Saturday, April 18, 2009

Back-up strategy

Don't Wait for the Lifeboat: A Response to Geoengineering

What's wrong is that we have no real reason to believe that he can, in fact, build a working lifeboat from scratch in time -- or that we can, in fact, intervene in the planet's climate on a vast scale without disastrous consequences -- yet right now, those benefiting from inaction are already using the idea of possible lifeboats as an argument against fighting the fire, so to speak, with the idea being that since cutting emissions is "unrealistic" it's good we have a back-up strategy.

This is not good science, and it's not good science policy. At very least, serious proponents of geoengineering need to acknowledge the severe limitations on our actual knowledge of geoengineering, and point out that emissions reductions are a far more certain and safe approach.

2 comments:

Wildrote said...

I have mixed feelings on Geo-engineering. As a means to prevent a total catastrophe that would radically alter the biosphere, I understand it. As anything but that last resort it goes against everything I know about environmental science and complex systems.

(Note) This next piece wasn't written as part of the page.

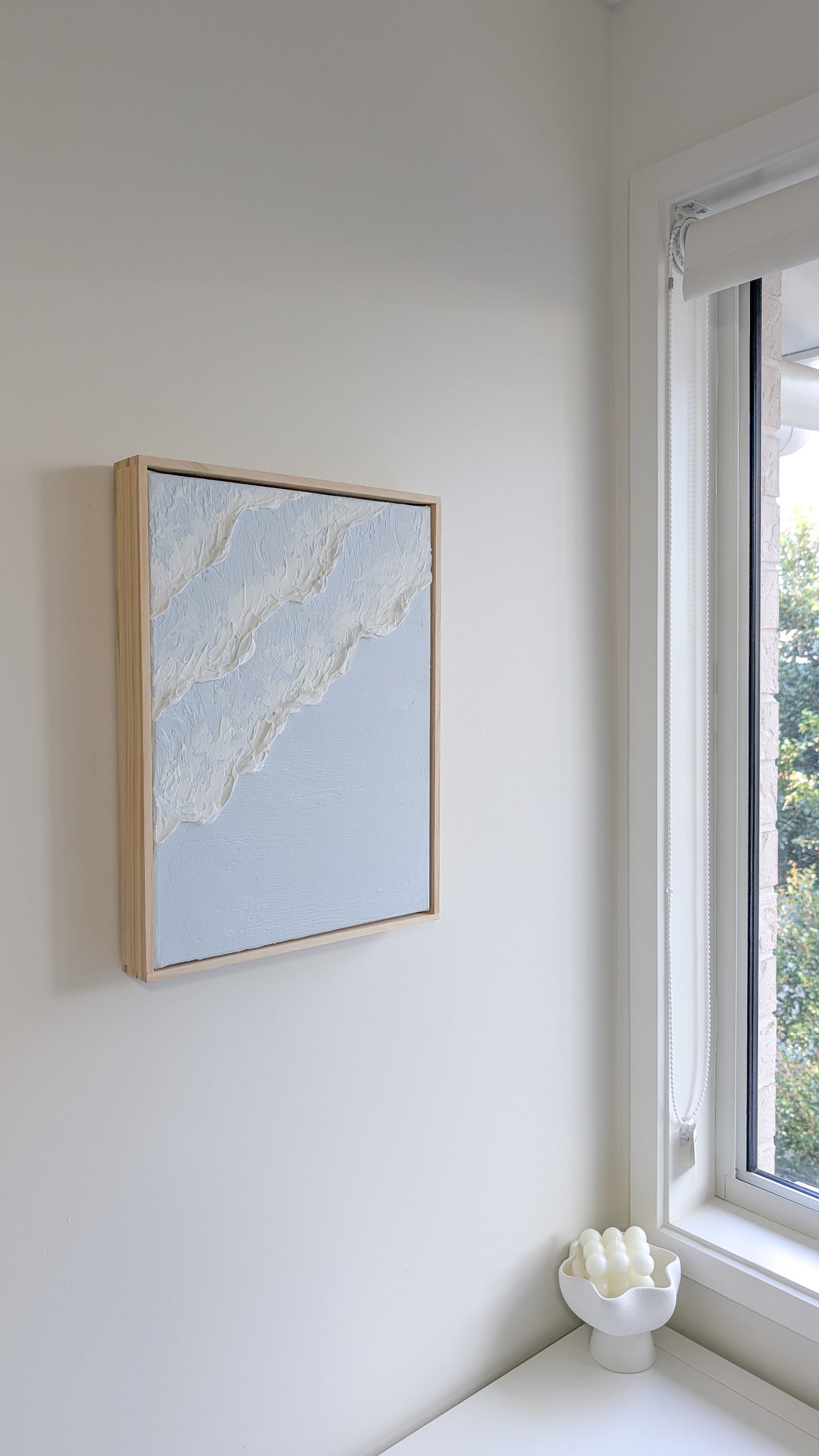 Textured Art Ocean Waves Wall Art Light Blue - 42x32cm | Coastal Collection |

I was taking a professional's course on saltmarsh's and ecosystem tipping points last summer. One of the case studies we looked at was Blackwater National Wildlife Refuge, a salt to fresh water marsh ecosystem that, due to years of human intervention, had lost stability and is, I assume, still turning into open water. My point is that while we worked on this case study everyone agreed that there essentially might not be anything that you could do, with any amount of money or materials, to return the system to stable marsh. There are too many variables and they behave in non-linear, unpredictable and interacting ways. This is just a large marsh we are talking about, compared to the whole Earth. I think the unfortunate thing is that to an engineer the Earth can look simpler because it's effectively a closed system, creating the illusion that you don't need to understand the fine details between inputs and outputs to make predictions.

Pardon me for vilifying engineers or potential geo-engineers. I have strong opinions on the topic.